### Given information ###

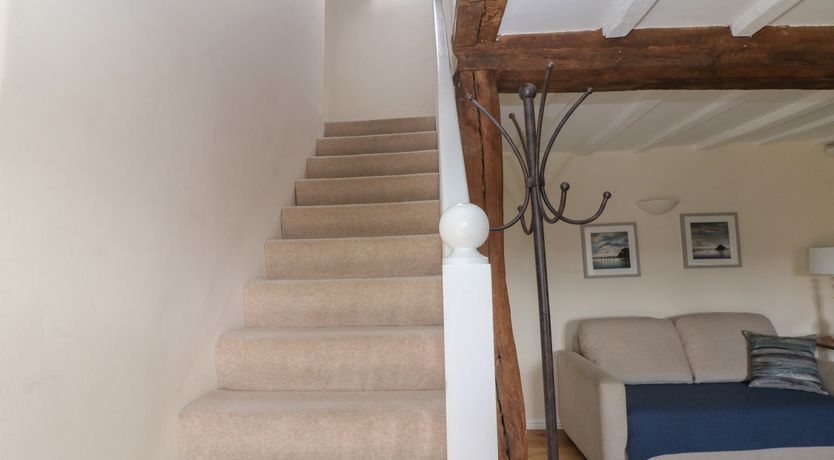 Photo of Broadwood Farm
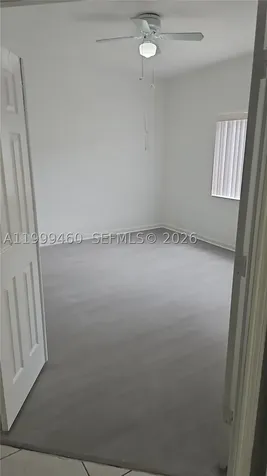6993 W 5th Court Hialeah FL 33014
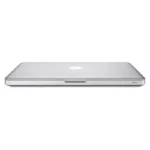 Apple MacBook Pro 2012 – 13,3″ – Bärbar dator - Bild 3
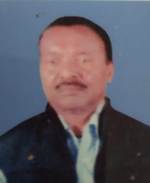 Amarjeet Bhagat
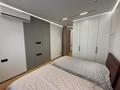 3-бөлмелі пәтер · 80 м² · 8/12 қабат, Розыбакиева 336/5 — СРОЧНАЯ ПРОДАЖА!!!! это Башня Бизнес + не путать с обычным Амиром!!!, бағасы: 125 млн ₸ в Алматы, Бостандыкский р-н — фото 22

###

- _Task to complete_: Locate the line containing "Amarjeet Bhagat" in the material above, then repeat it and every later line exactly, with no pictures.

- _Answer area_:
 Amarjeet Bhagat
 3-бөлмелі пәтер · 80 м² · 8/12 қабат, Розыбакиева 336/5 — СРОЧНАЯ ПРОДАЖА!!!! это Башня Бизнес + не путать с обычным Амиром!!!, бағасы: 125 млн ₸ в Алматы, Бостандыкский р-н — фото 22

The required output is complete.